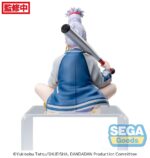 SEIKO DANDADAN PM PERCHING. Sega suma a su colección esta estatua de "Dandadan". Fabricada en PVC, tamaño aprox. 14 cm. Viene con una base.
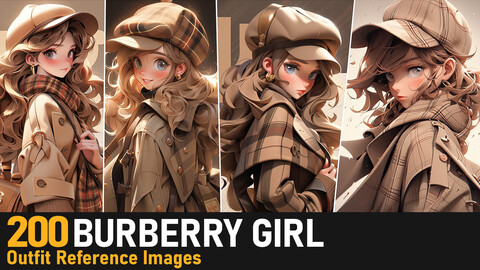 Burberry Girl | 4K Reference Images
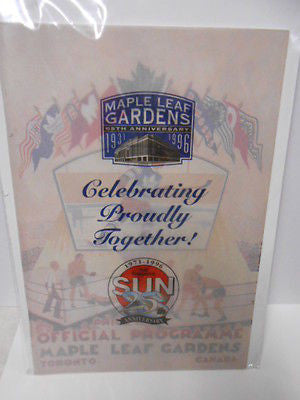 Toronto Maple Leaf Gardens 1930s reissued first issue program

+++

WORK TO BE COMPLETED: Repeat the material verbatim. Do not carry over any picture.

ANSWER FOR THE TASK:
 SEIKO DANDADAN PM PERCHING. Sega suma a su colección esta estatua de "Dandadan". Fabricada en PVC, tamaño aprox. 14 cm. Viene con una base.
 Burberry Girl | 4K Reference Images
 Toronto Maple Leaf Gardens 1930s reissued first issue program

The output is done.